Forward looking statements involve significant risks, uncertainties and assumptions. The Corporation cautions readers that a number of factors could cause actual results, performance or achievements to differ materially from the results discussed or implied in the forward-looking statements. These factors should be considered carefully and undue reliance should not be placed on the forward-looking statements. For additional information with respect to certain of these risks or factors, reference should be made to the information detailed under the heading “Business Risk Management” on page 37 of management's discussion and analysis for the year ended December 31, 2016, which is filed as Exhibit 99.3 to this Form 40-F and incorporated by reference herein (the “Annual MD&A”), and to continuous disclosure materials filed from time to time by the Corporation with Canadian securities regulatory authorities and the U.S. Securities and Exchange Commission (the “SEC”). Key risk factors for 2017 include, but are not limited to:






uncertainty regarding the outcome of regulatory proceedings at the Corporations utilities;
uncertainty of the impact that the continuation of a low interest rate environment may have on the allowed rate of return on common shareholders equity at the Corporations regulated utilities;
the impact of fluctuations in foreign exchange rates;
risks associated with the impact of less favorable economic conditions on the Corporations results of operations;
risk that the expected benefits of the acquisition of ITC may fail to materialize, or may not occur within the time periods anticipated;
risks associated with the Corporations ability to comply with Section 404(a) of the Sarbanes-Oxley Act of 2002 and the related rules of the SEC and the Public Company Accounting Oversight Board;
risks associated with the completion of the Corporations 2017 capital expenditures plan, including completion of major capital projects in the timelines anticipated and at the expected amounts; and
uncertainty in the timing and access to capital markets to arrange sufficient and cost-effective financing to finance, among other things, capital expenditures and the repayment of maturing debt.

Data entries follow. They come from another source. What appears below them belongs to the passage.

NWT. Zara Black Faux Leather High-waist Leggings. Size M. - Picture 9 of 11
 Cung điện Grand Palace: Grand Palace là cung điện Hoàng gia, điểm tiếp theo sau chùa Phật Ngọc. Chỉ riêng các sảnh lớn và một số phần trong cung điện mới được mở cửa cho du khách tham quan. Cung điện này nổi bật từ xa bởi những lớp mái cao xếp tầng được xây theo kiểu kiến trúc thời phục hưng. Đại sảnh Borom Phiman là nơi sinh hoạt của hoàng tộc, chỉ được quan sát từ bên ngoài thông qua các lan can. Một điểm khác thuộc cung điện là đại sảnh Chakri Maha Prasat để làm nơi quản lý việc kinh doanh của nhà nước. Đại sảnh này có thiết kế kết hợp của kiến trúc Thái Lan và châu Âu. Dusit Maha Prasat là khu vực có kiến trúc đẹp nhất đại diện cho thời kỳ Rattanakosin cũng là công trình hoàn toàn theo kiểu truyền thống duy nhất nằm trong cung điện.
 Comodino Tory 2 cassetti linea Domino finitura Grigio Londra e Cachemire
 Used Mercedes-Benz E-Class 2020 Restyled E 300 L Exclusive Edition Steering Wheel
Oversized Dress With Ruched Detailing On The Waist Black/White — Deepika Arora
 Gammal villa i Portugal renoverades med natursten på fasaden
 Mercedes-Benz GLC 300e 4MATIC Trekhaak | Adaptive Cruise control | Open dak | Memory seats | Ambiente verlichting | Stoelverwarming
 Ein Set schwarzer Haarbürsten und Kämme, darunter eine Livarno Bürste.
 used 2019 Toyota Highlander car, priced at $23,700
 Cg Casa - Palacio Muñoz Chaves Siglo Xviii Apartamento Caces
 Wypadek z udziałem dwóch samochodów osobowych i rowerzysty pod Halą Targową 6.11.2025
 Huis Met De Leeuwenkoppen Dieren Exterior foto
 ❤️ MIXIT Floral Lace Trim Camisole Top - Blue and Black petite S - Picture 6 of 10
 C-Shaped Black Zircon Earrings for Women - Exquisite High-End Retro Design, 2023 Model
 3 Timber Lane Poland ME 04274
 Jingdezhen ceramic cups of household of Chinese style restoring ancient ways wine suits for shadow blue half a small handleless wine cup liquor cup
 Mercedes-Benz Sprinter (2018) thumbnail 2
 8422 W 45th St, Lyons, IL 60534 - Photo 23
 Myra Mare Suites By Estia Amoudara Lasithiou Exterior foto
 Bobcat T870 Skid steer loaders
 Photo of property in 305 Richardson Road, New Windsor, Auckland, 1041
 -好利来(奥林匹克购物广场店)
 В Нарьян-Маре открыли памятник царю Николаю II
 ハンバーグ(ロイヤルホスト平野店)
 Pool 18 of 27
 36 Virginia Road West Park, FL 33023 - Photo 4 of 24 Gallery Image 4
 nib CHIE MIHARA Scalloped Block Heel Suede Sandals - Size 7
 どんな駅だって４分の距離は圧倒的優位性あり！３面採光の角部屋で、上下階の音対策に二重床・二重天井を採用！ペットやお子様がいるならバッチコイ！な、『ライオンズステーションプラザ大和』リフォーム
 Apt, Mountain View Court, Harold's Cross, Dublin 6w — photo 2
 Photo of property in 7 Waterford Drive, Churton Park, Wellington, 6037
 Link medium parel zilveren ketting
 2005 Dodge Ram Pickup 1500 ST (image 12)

All forward-looking information in this Form 40-F is qualified in its entirety by the above cautionary statements and, except as required by law, the Corporation undertakes no obligation to revise or update any forward-looking information as a result of new information, future events or otherwise.

CURRENCY
The Corporation presents its consolidated financial statements in Canadian dollars unless otherwise specified. All dollar amounts in this Form 40-F are stated in Canadian dollars (“$” or “C$”), except where otherwise indicated. On February 14, 2017, the noon exchange rate (as reported by the Bank of Canada) of United States dollars (“US$”) into Canadian dollars was US$1.00 equals C$1.3093.
CERTIFICATIONS
See Exhibits 99.4, 99.5, 99.6 and 99.7 to this Annual Report on Form 40-F.
DISCLOSURE CONTROLS AND PROCEDURES
The management of the Corporation, with the participation of the Corporations Chief Executive Officer and Chief Financial Officer, evaluated the effectiveness of the Corporations disclosure controls and procedures as of December 31, 2016 pursuant to Rule 13a-15 under the Exchange Act. In designing and evaluating the disclosure controls and procedures, management recognizes that any controls and procedures, no matter how well designed and operated, can provide only reasonable assurance of achieving the desired control objectives. In addition, the design of disclosure controls and procedures must reflect the fact that there are resource constraints and that management is required to apply its judgment in evaluating the benefits of possible controls and procedures relative to their costs.
Based on such evaluation, the Corporations Chief Executive Officer and Chief Financial Officer concluded that, as of December 31, 2016, the Corporations disclosure controls and procedures were designed at a reasonable assurance level and were effective to provide reasonable assurance that information the Corporation is required to disclose in reports that the Corporation files or submits under the Exchange Act is recorded, processed, summarized and reported within the time periods specified in SEC rules and forms, and that such information is accumulated and communicated to the Corporations management, including the Corporations Chief Executive Officer and Chief Financial Officer, as appropriate, to allow timely decisions regarding required disclosure.
MANAGEMENT'S ANNUAL REPORT ON INTERNAL CONTROL OVER FINANCIAL REPORTING
This annual report does not include a report of managements assessment regarding internal control over financial reporting pursuant to section 404 of the Sarbanes Oxley Act of 2002 (or Rule 13a-15(c) under the Exchange Act) or an attestation report of the Corporations registered public accounting firm due to a transition period established by rules of the SEC for newly public companies.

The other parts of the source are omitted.